Global mergers and acquisitions (M&A) activity remained subdued with a decline registered both in deal volume and value in the fourth quarter (Q4) of 2019, according to GlobalData, a leading data and analytics company.

Total M&A volume and value declined by 0.6% and 4.5% in Q4 2019 compared to Q4 2018, respectively.
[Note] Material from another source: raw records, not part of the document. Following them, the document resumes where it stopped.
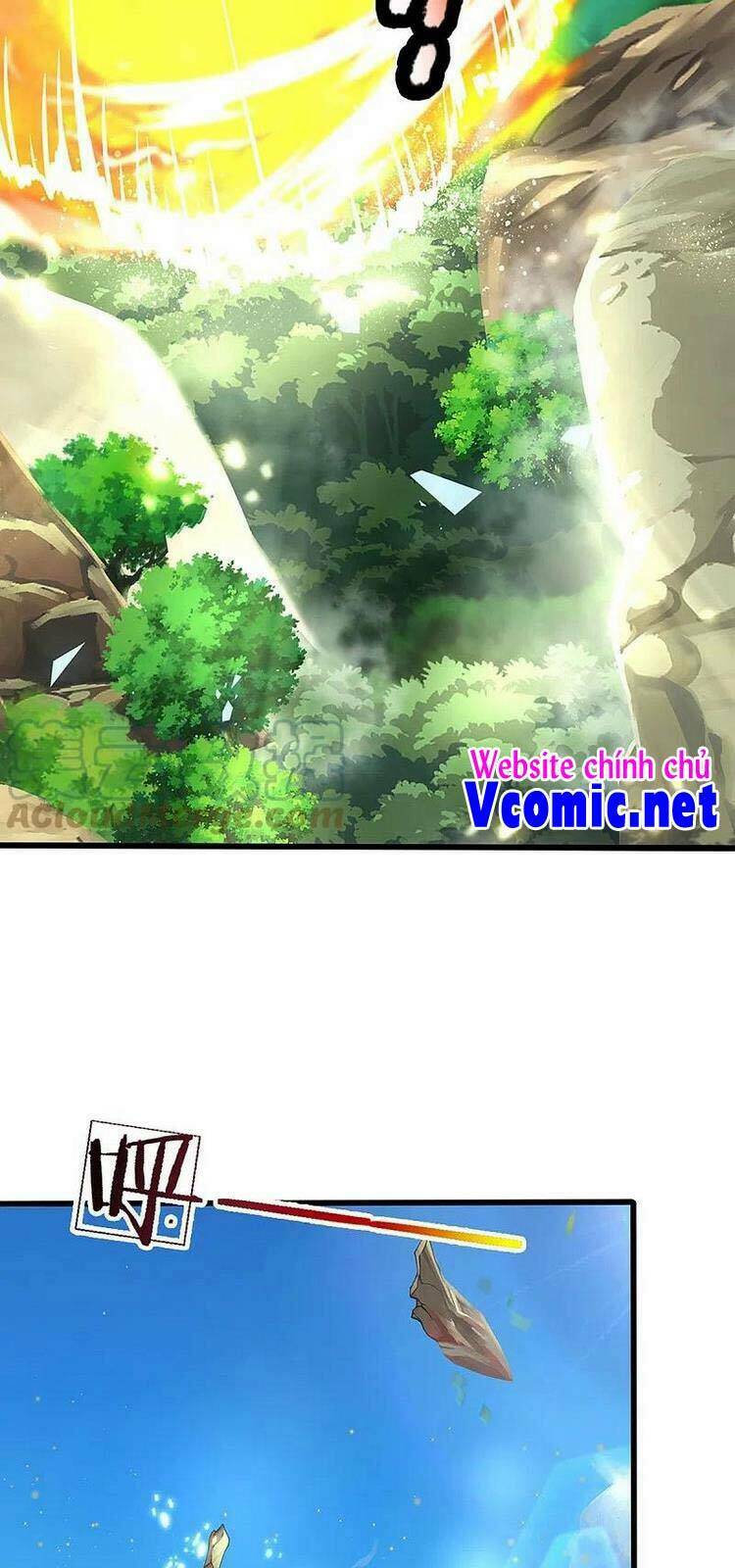 Thần Võ Thiên Tôn Chapter 409 - Trang 2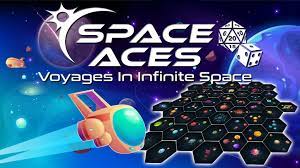 Space Aces: Voyages In Infinite Space by T Rex Games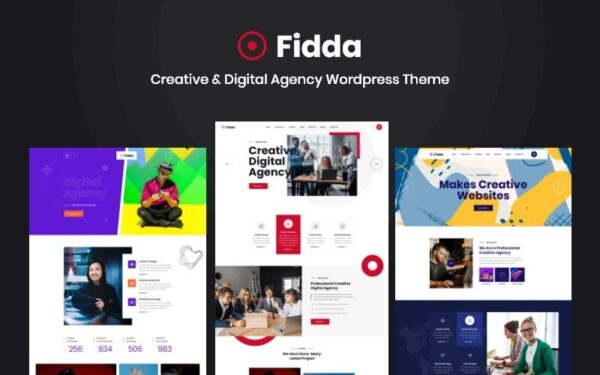 WordPress Kotisivut – Fidda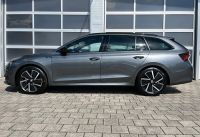 SKODA Octavia Combi 2.0 TSI DSG 4x4 Sportline 4J GAR bei Autohaus Landmann & Maier OHG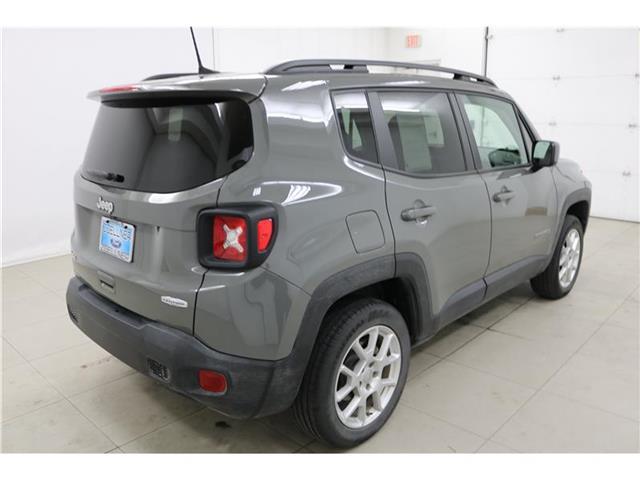 used 2021 Jeep Renegade car, priced at $20,499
The decline could primarily be attributed to underperformance in the North American region, which witnessed decline in deal volume from ~3,000 deals in Q4 2018 to ~2,800 deals in Q4 2019. The region also witnessed a decrease in deal value by around 13% in Q4 2019 compared to Q4 2018.

Global M&A Actitivity Analysis - Q4 - 2019

Image for publication: Please click here for enlarged image

The Middle East and Africa were the other regions to witness a decline in both deal volume and value by ~15% and ~40% in Q4 2019 compared to Q4 2018, respectively.

On the other hand, the South and Central America regions saw growth in value worth US$20.16bn in Q4 2019 compared to US$18.21bn in Q4 2018. However, it did not show improvement in volume, which declined from 290 M&A deals in Q4 2018 to 247 M&A deals in Q4 2019.

Amidst underperformance of several regions, Asia-Pacific and Europe emerged as the top performers for M&A activity.

Asia-Pacific witnessed growth in M&A deal volume and value by ~20% and ~10% in Q4 2019 compared to Q4 2018, respectively.

Moreover, Europe witnessed a slight growth from ~2,000 M&A deals worth ~US$118bn in Q4 2018 to ~2,100 M&A deals worth ~US$130bn in Q4 2019.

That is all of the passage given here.